Provides a formula for cumulants of $ab+ba$ in terms of free cumulants of $a$ and $b$

Connects the enumeration of certain partitions to the distribution of free Poisson variables

Suggests a graph-theoretic generalization for quadratic forms in free variables

Abstract

Let $(\kappa_n(a))_{n\geq 1}$ denote the sequence of free cumulants of a random variable $a$ in a non-commutative probability space $(\mathcal{A},\varphi)$. Based on some considerations on bipartite graphs, we provide a formula to compute the cumulants $(\kappa_n(ab+ba))_{n\geq 1}$ in terms of $(\kappa_n(a))_{n\geq 1}$ and $(\kappa_n(b))_{n\geq 1}$, where $a$ and $b$ are freely independent.
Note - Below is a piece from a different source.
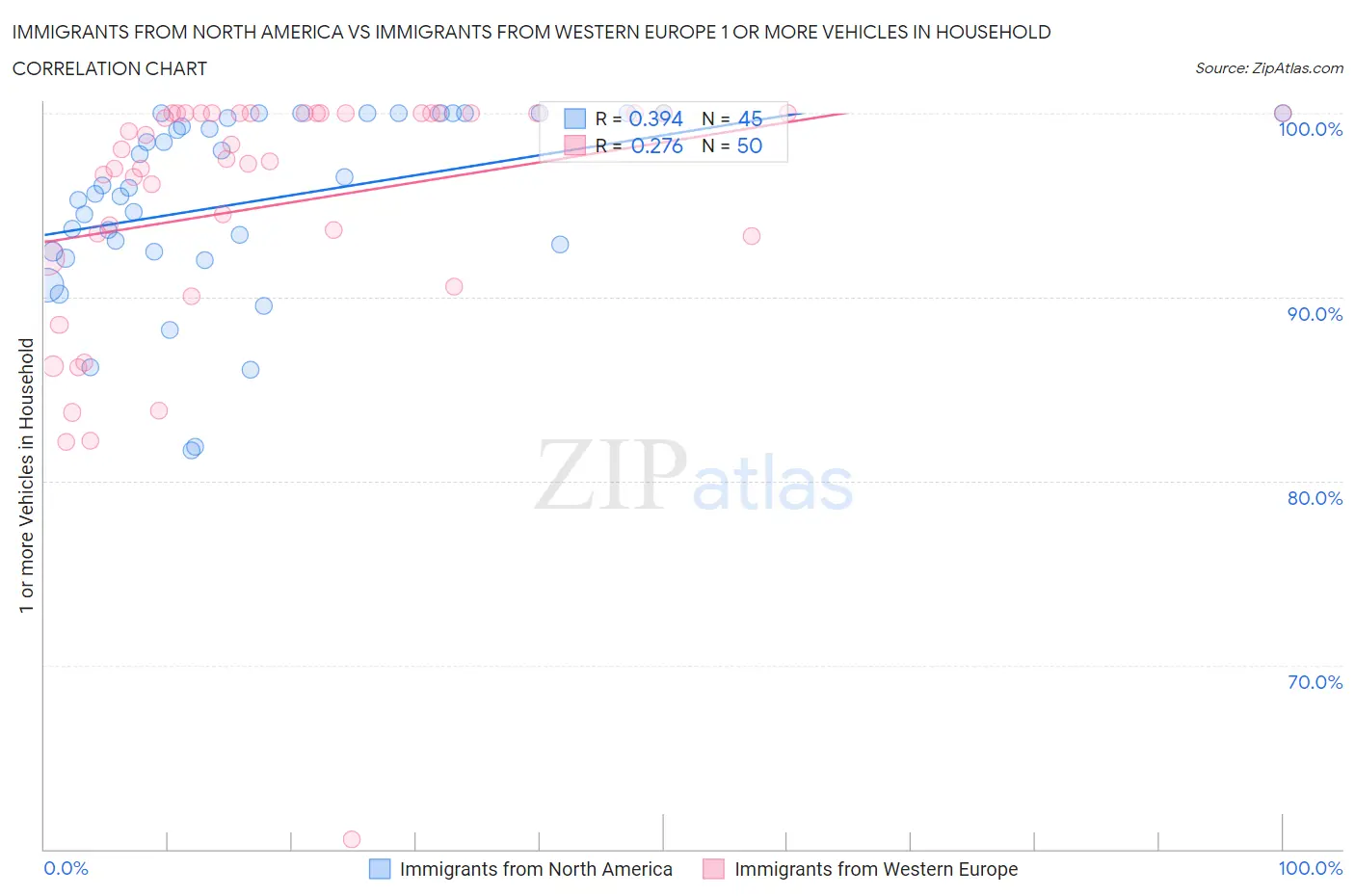 Immigrants from North America vs Immigrants from Western Europe 1 or more Vehicles in Household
Our formula expresses the $n$-th free cumulant of $ab+ba$ as a sum indexed by partitions in the set $\mathcal{Y}_{2n}$ of non-crossing partitions of the form \[ \sigma=\{B_1,B_3,\dots, B_{2n-1},E_1,\dots,E_r\}, \quad \text{with }r\geq 0, \] such that $i\in B_{i}$ for $i=1,3,\dots,2n-1$ and $|E_j|$ even for $j\leq r$. Therefore, by studying the sets $\mathcal{Y}_{2n}$ we obtain new results regarding the distribution of $ab+ba$. For instance, the size $|\mathcal{Y}_{2n}|$ is closely related to the case when $a,b$ are free Poisson random variables of parameter 1. Our formula can also be expressed in terms of cacti graphs. This graph theoretic approach suggests a natural generalization that allows us to study quadratic forms in $k$ free random variables.